* Task requirements:
Set down exactly, from the records below, the line with "New Frames - SCHERBEN" through the line with "Duplex Val Village", and nothing else.

* Supplied entries:
━━━━

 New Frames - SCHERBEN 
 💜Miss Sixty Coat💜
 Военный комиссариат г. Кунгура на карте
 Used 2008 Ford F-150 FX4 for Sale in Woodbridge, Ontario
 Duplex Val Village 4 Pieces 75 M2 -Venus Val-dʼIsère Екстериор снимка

━━━━

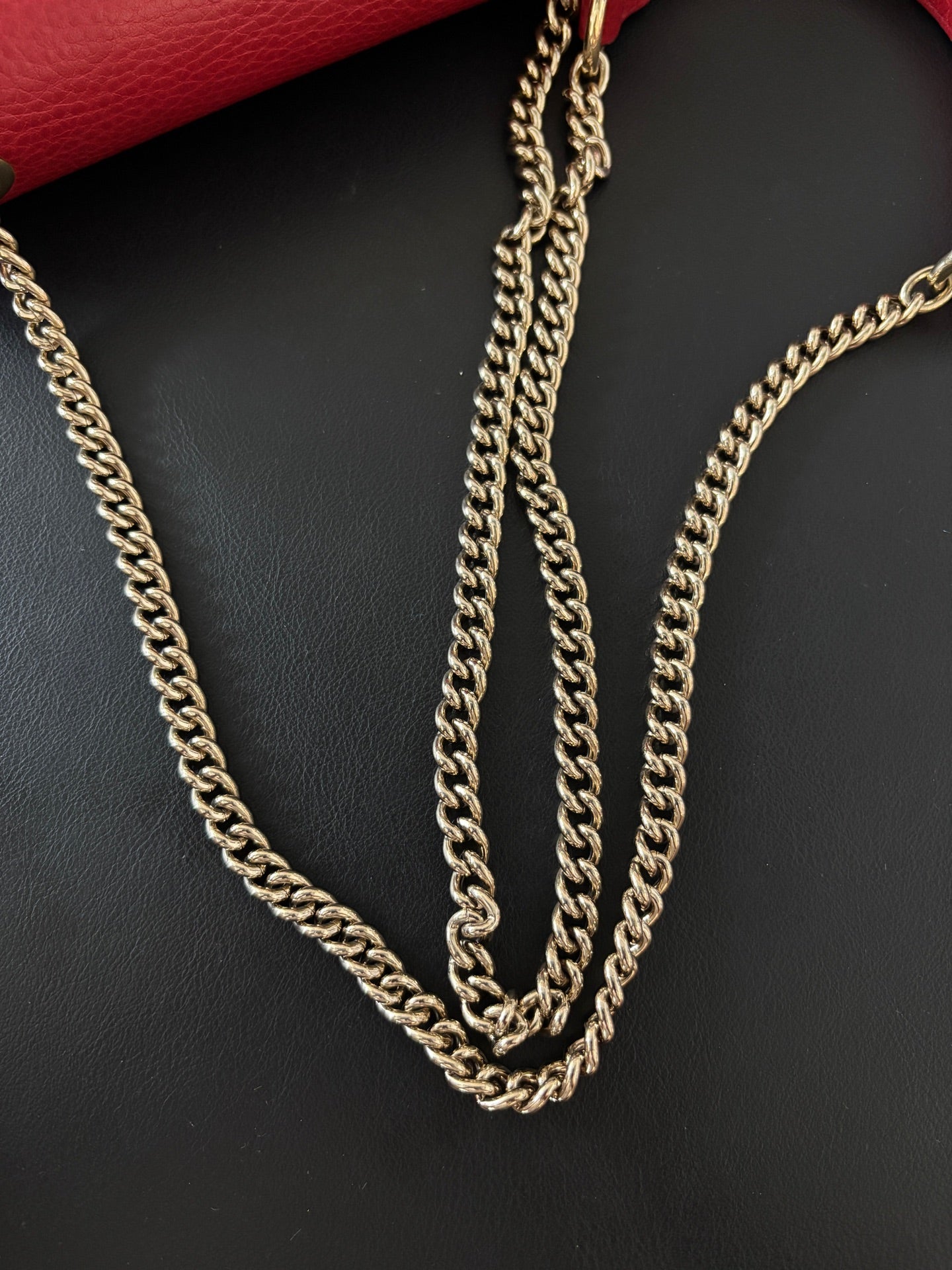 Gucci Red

━━━━

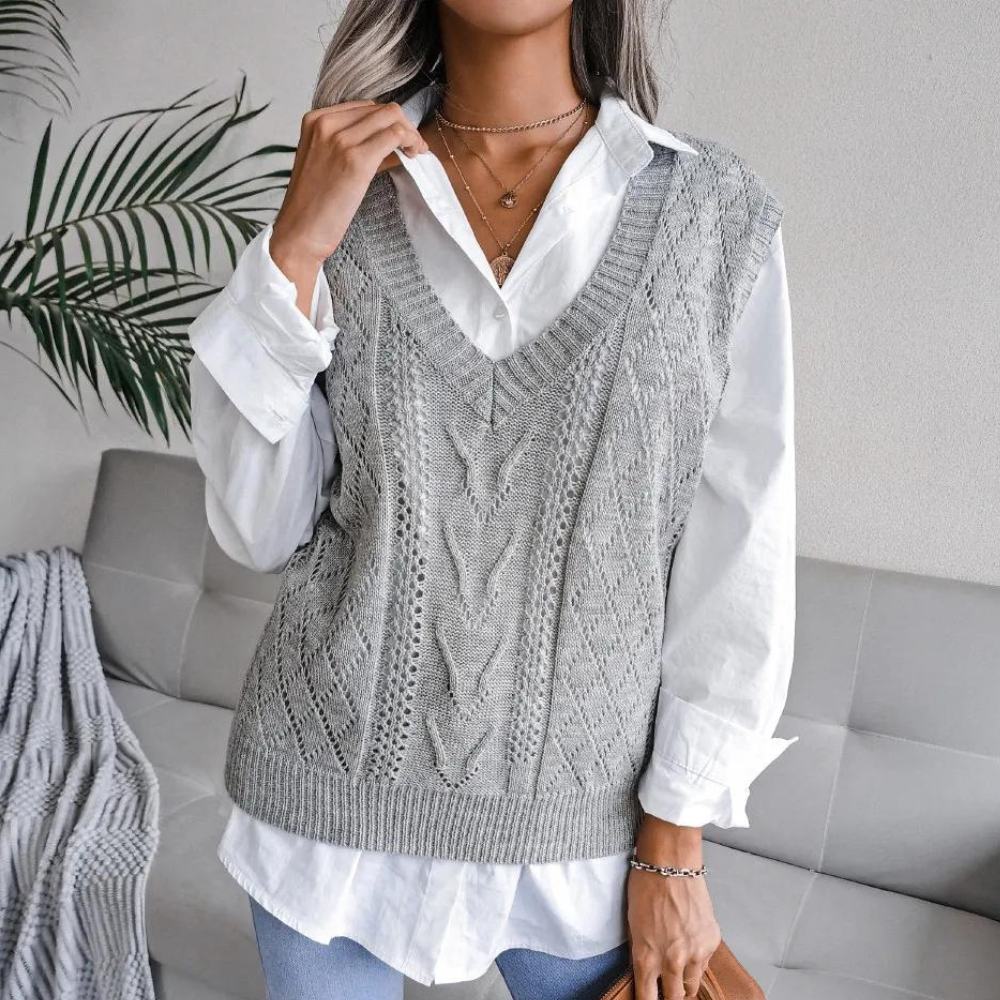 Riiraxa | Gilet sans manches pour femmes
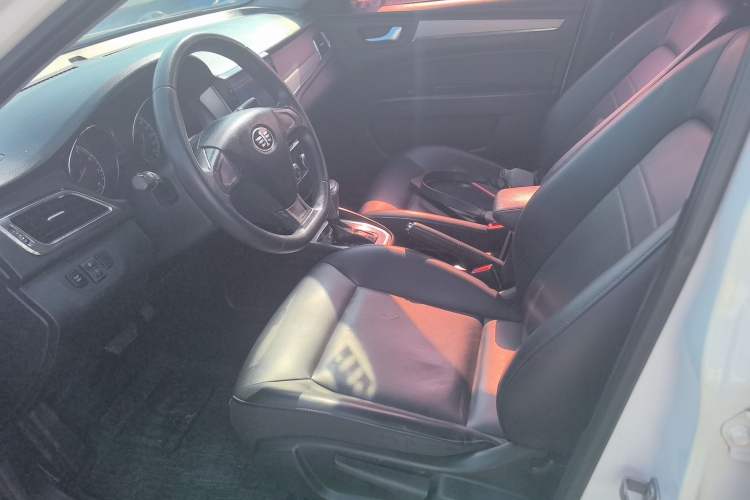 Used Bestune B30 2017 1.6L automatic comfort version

━━━━

* Answer space:
 New Frames - SCHERBEN 
 💜Miss Sixty Coat💜
 Военный комиссариат г. Кунгура на карте
 Used 2008 Ford F-150 FX4 for Sale in Woodbridge, Ontario
 Duplex Val Village 4 Pieces 75 M2 -Venus Val-dʼIsère Екстериор снимка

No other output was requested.